Starting at the line that holds "La Flemmardiere Dans", quote every line through the end of the records, both boundary lines included. Omit the pictures.

[MATERIAL SHOWN Boundary: Start]

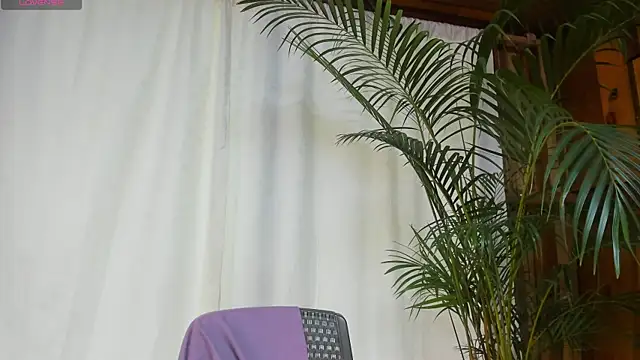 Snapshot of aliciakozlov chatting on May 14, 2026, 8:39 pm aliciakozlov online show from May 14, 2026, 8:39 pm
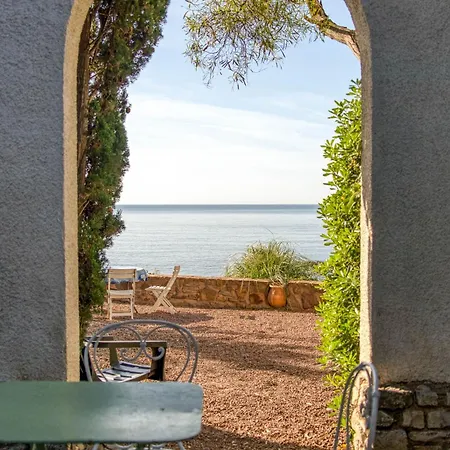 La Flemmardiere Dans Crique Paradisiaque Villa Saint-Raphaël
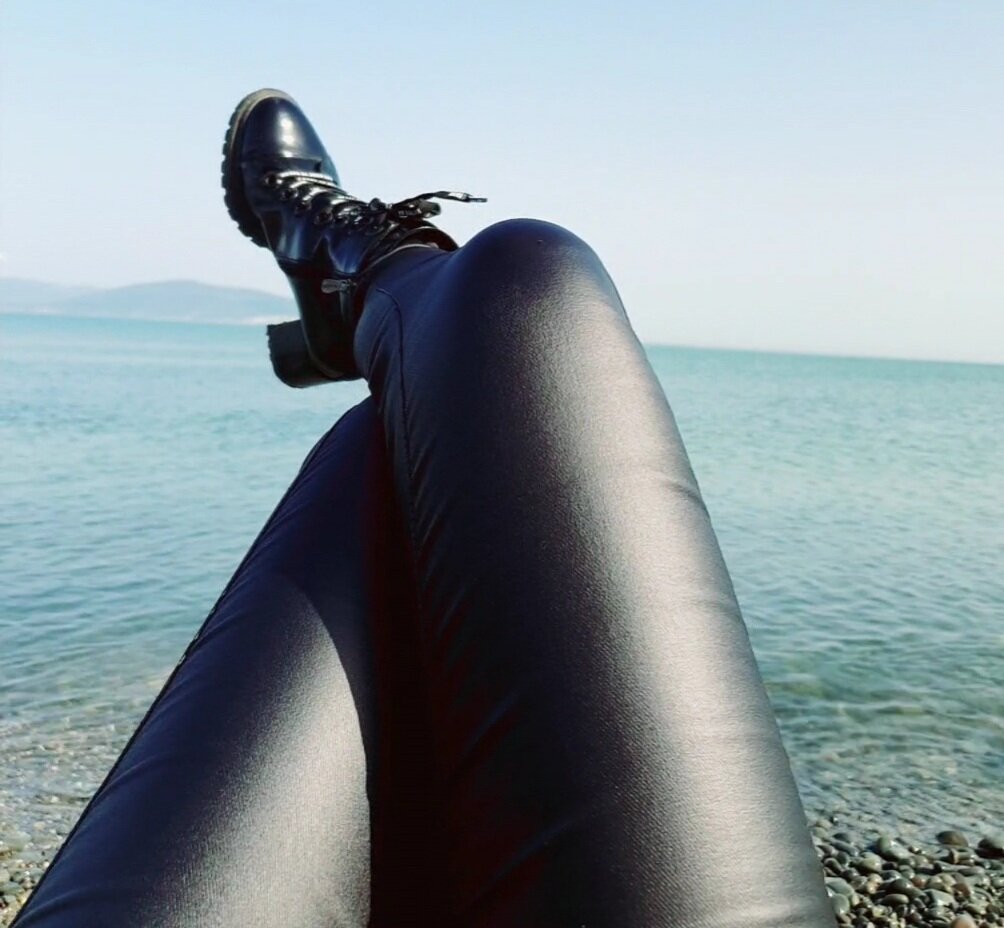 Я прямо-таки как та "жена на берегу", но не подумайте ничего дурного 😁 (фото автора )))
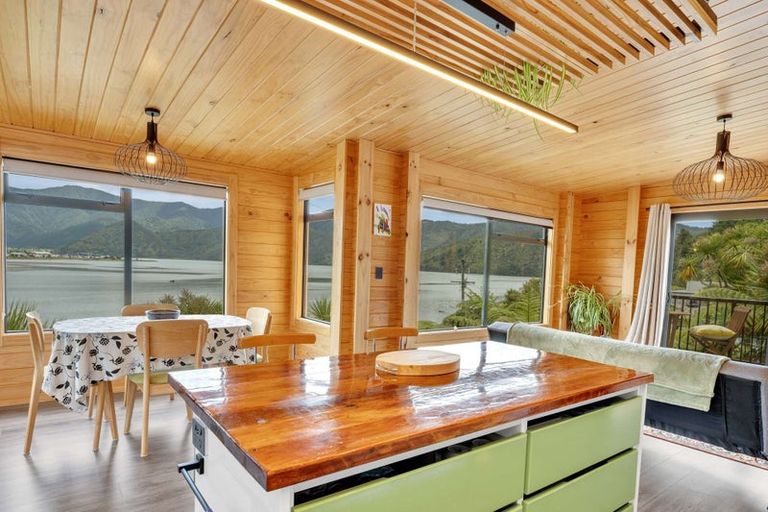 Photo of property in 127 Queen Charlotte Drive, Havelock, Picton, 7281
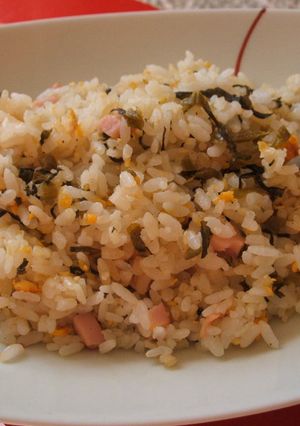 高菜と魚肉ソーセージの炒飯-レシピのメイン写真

[MATERIAL SHOWN Boundary: End]

TASK SOLUTION →
 La Flemmardiere Dans Crique Paradisiaque Villa Saint-Raphaël
 Я прямо-таки как та "жена на берегу", но не подумайте ничего дурного 😁 (фото автора )))
 Photo of property in 127 Queen Charlotte Drive, Havelock, Picton, 7281
 高菜と魚肉ソーセージの炒飯-レシピのメイン写真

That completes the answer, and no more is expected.